LAST Friday, Marie Shroff bid farewell to her role of Privacy Commissioner, a job she has held for the past 10 years.
The privacy commission serves as an independent watchdog for New Zealand, keeping an eye on privacy issues, something which Ms Shroff admits is becoming a more important issue for the general public.
She said this was due to the increasing use of apps, social networking and cloud computing, and increasing awareness of the amount of personal information online.
As well as being the Privacy Commissioner, Ms Shroff has also worked as a journalist and was previously Cabinet Secretary for 16 years.
Since being appointed to the role of Privacy Commissioner in late 2003, Ms Shroff admits the role has changed a lot in the past 10 years.
“There was no Facebook, Google was still developing. This is now the digital century, we weren’t so conscious of that at the start.”
Ms Shroff said that by 2010, people’s attitudes to privacy began to change as they were becoming more aware of how much personal information they were putting online.
This was due to people becoming more and more aware that free or low-cost services like social networking sites and apps were costing their users in other ways.
Instead of taking money, they take personal information and can track user behaviour, which creates profitable databases.
“There’s no such thing as a free lunch, it’s not a game,”she says.
A particularly busy year for Ms Shroff was 2012, or “the year of the privacy breach”, due to a number of high profile agencies suffering privacy breaches.
Around that time, Government agencies The Earthquake Commission, Accident Compensation Commission and the Ministry of Social Development all suffered privacy leaks.
Ms Shroff was personally involved with the inquiry of the ACC privacy breach, which resulted in 6748 clients’ personal information being accidentally sent to a member of the public.
She said it was a simple matter of human error, and that “how it actually happened was some poor lady clicked the wrong button”.
Ms Shroff saw this as a turning point in privacy in New Zealand, because it changed the way personal information was valued.
Before this data breach, too many companies and government agencies failed to value information as an asset, but have since changed the way they operate to prevent it happening again.
“I would expect things to improve.

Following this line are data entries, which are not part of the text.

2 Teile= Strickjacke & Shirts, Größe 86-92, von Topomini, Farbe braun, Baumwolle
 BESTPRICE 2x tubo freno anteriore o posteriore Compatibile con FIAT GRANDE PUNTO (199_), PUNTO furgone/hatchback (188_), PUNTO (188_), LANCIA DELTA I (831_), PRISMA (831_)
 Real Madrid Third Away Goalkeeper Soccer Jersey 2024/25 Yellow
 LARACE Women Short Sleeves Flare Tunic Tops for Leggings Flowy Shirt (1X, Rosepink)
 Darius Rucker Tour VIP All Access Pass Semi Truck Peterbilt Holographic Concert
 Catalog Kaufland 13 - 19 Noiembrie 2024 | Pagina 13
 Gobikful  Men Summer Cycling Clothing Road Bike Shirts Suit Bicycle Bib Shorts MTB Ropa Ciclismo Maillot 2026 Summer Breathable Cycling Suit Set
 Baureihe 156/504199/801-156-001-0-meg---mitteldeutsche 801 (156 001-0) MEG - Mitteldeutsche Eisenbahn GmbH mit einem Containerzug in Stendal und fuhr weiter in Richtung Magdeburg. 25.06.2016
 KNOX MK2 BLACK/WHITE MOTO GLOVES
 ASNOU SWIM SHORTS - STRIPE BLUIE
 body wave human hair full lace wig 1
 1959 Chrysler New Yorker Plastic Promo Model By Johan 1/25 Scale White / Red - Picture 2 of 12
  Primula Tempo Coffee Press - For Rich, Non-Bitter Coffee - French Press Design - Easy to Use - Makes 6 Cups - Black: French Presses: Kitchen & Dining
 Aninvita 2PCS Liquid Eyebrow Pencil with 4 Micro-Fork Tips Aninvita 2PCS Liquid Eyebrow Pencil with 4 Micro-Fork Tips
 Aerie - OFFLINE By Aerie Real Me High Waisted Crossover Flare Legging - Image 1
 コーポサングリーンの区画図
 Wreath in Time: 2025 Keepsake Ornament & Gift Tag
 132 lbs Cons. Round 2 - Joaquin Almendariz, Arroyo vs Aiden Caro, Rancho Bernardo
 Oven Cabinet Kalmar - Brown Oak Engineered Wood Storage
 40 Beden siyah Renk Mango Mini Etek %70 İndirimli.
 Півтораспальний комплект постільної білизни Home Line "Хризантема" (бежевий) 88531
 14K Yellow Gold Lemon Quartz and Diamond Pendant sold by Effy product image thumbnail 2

I feel optimistic that now everybody’s trying to get it right.”
The issue in the past year has seemed to come to a head worldwide, with ‘privacy’ being crowned dictionary.com’s word of the year.
Privacy was on everybody’s mind following the revelations of Edward Snowden and the closer to home issue of the GCSB bill.
The GCSB bill proved a hot topic amongst New Zealanders, as it lead to discussion of the scope of the government’s monitoring abilities.
Ms Shroff wouldn’t give her personal opinion of the bill, but “increased oversight would have been better,” she said.
During her time as Privacy Commissioner, there were three privacy major developments in privacy which Ms Shroff says she takes a great deal of pride in.
The first was the Law Commission’s 2011 review of the Privacy Act, which hadn’t seen an update since 1993.
The review recommended that the Privacy Commissioner be given more direct power to deal with privacy issues by means of compliance notices. Previously commission could only encourage and warn.
The second came in 2012 when New Zealand privacy laws were deemed of a high enough standard and became accepted within the European Union.
This made New Zealand one of only five countries outside the EU to hold this distinction, meaning data can be sent from the EU to New Zealand without any extra controls or regulations.
The final moment Ms Shroff was most proud to be involved in as Privacy Commissioner was the recently launched OWLS programme, which teaches privacy awareness and internet safety in schools.
“If you get people aware about how to protect themselves at school then they’re set for life.”
With the greater use of apps and the rise in the use of cloud computing, Ms Shroff says that privacy issues are becoming more complex.
This, in turn has been met with greater awareness amongst the general public over their privacy, and Ms Shroff has noticed “a big re-assertion of control by the citizen over their information.”
After leaving this position, Ms Shroff is still deciding where she will go to next, but is looking forward to taking a holiday.